According to Akusala, some of the divorce cases are chaotic and have a bearing on the children’s well-being.
He further argues that Part 10 of the Marriage Act is unconstitutional as it only provides for acrimonious reasons as the only way couples can part ways.
The section provides that a marriage can be dissolved on the basis of cruelty, adultery and being irretrievably broken. According to the lawyer, sometimes parties have to create faults against their partners for divorce cases to sail through.
In his supporting affidavit, he argues that the Marriage Act attracts aggressiveness and chaos even when parties are willing to walk away peacefully.
Marriages are empty shells
“The petition seeks to make the exit of marriage as less acrimonious and antagonistic as possible. Parties can remain civil and not resort to fabricating evidence in order to pin faults on each other,” he says.

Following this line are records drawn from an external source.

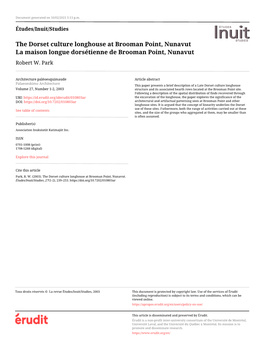 The Dorset Culture Longhouse at Brooman Point, Nunavut La Maison Longue Dorsétienne De Brooman Point, Nunavut Robert W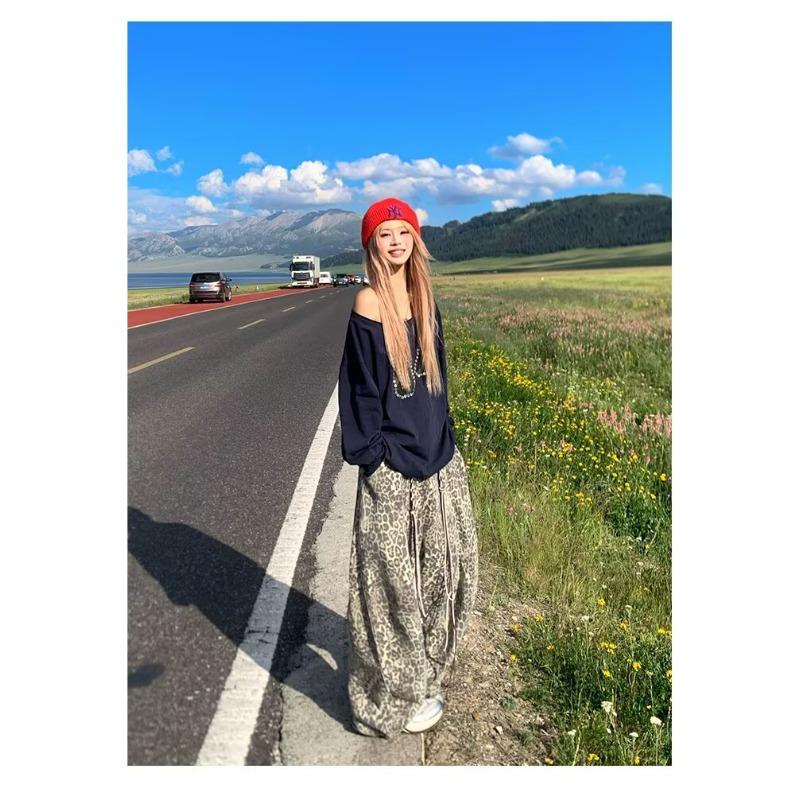 

Винтажные свободные джинсы леопардовой расцветки в ленивом стиле BF, детские, с чувством дизайна Spice Girl, модные и старые брюки для подметания пола S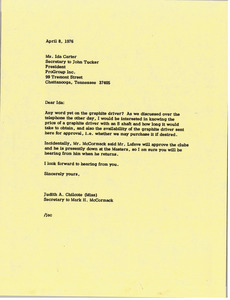 Letter from Judy A. Chilcote to Ida Carter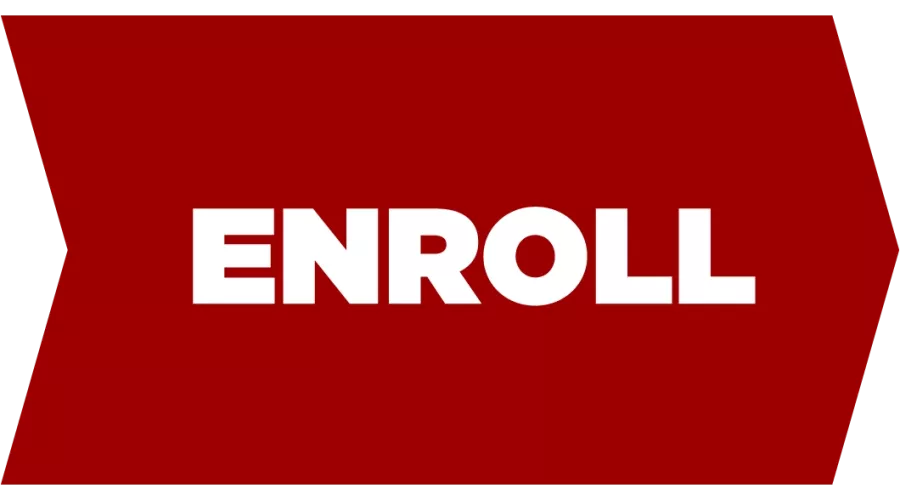Arrow with text "Enroll"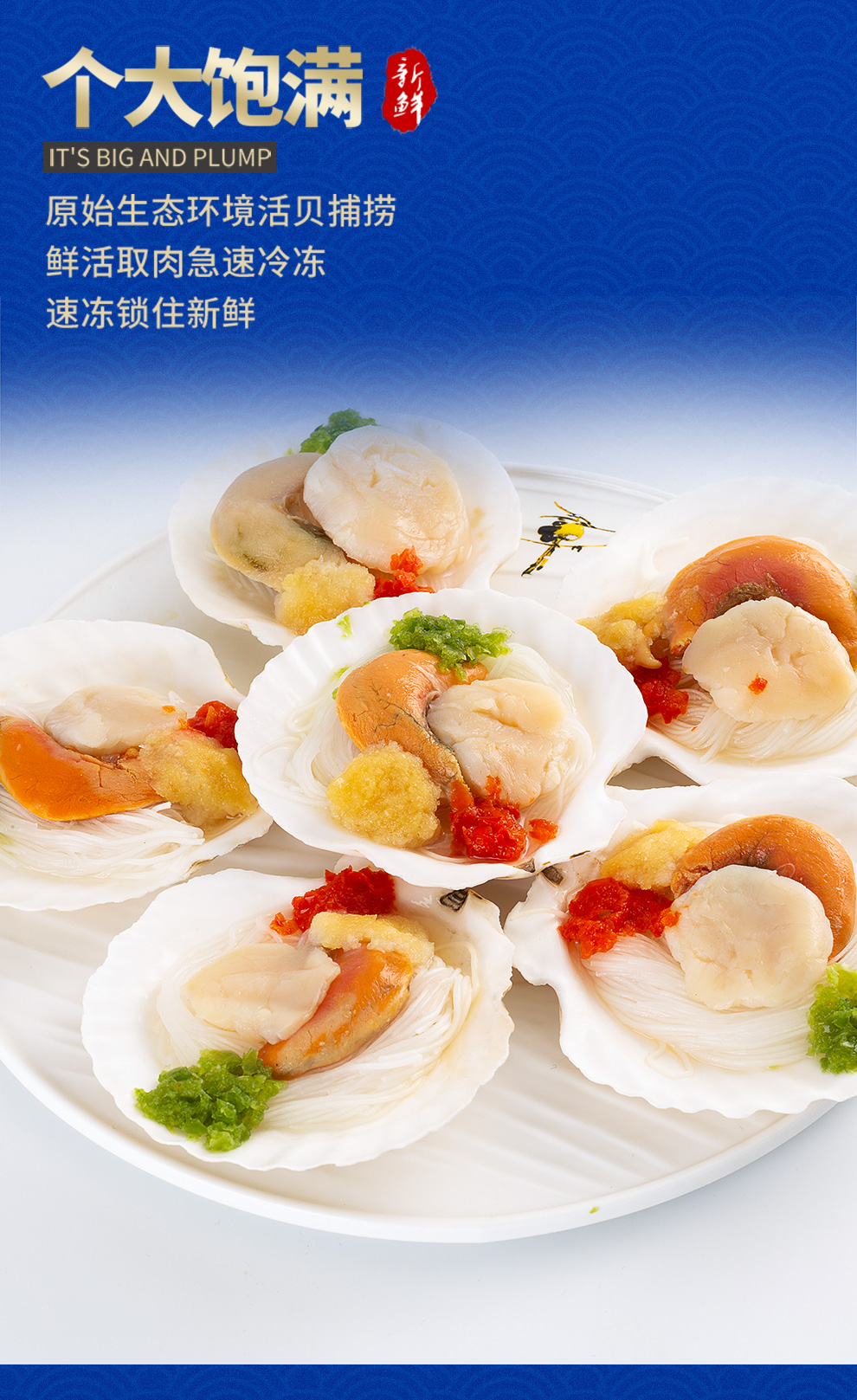 荔沅国产半壳虾夷扇贝850g5枚手掌大小火锅烧烤食材半成品加热即食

Akusala is of the view that most marriages have turned to empty shells, and couples are terminating relationships in a battle for matrimonial property or even alimony.
Copler Attorneys and Consultancy has sued Attorney General Kihara Kariuki and the National Assembly. It wants the court to find that couples are at liberty to end a marriage by consent. The law firm is also seeking an order to force Parliament to amend the Marriage Act to allow couples to leave by consent.